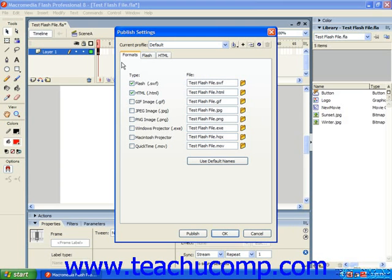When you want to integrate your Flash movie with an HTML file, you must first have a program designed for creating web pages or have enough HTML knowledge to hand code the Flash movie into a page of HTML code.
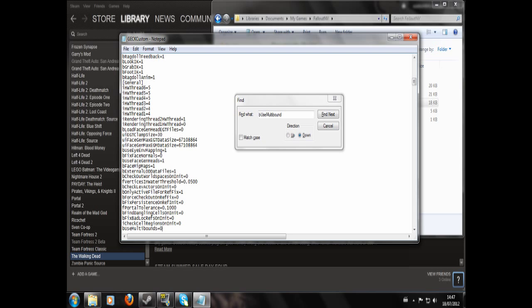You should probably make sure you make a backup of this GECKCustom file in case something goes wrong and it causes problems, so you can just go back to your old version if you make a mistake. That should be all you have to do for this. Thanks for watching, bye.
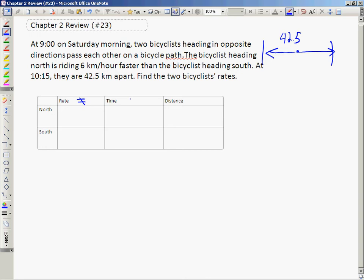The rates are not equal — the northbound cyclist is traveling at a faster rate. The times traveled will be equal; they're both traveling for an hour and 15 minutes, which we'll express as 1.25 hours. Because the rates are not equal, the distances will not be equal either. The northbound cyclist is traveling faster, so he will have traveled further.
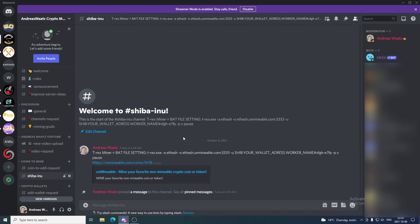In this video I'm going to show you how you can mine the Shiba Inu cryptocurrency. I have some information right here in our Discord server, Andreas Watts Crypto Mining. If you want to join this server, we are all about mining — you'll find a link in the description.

★ ★ ★

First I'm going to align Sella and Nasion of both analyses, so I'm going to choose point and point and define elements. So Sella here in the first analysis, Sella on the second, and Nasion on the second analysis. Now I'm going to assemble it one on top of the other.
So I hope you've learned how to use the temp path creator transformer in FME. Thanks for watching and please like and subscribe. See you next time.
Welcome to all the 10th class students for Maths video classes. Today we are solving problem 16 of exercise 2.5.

★ ★ ★

About this exercise:
When the line with "So I hope you've" is reached in the data above, start copying there, and copy each line exactly until the line with "Welcome to all" has been copied; copy nothing else.

Written solution:
So I hope you've learned how to use the temp path creator transformer in FME. Thanks for watching and please like and subscribe. See you next time.
Welcome to all the 10th class students for Maths video classes. Today we are solving problem 16 of exercise 2.5.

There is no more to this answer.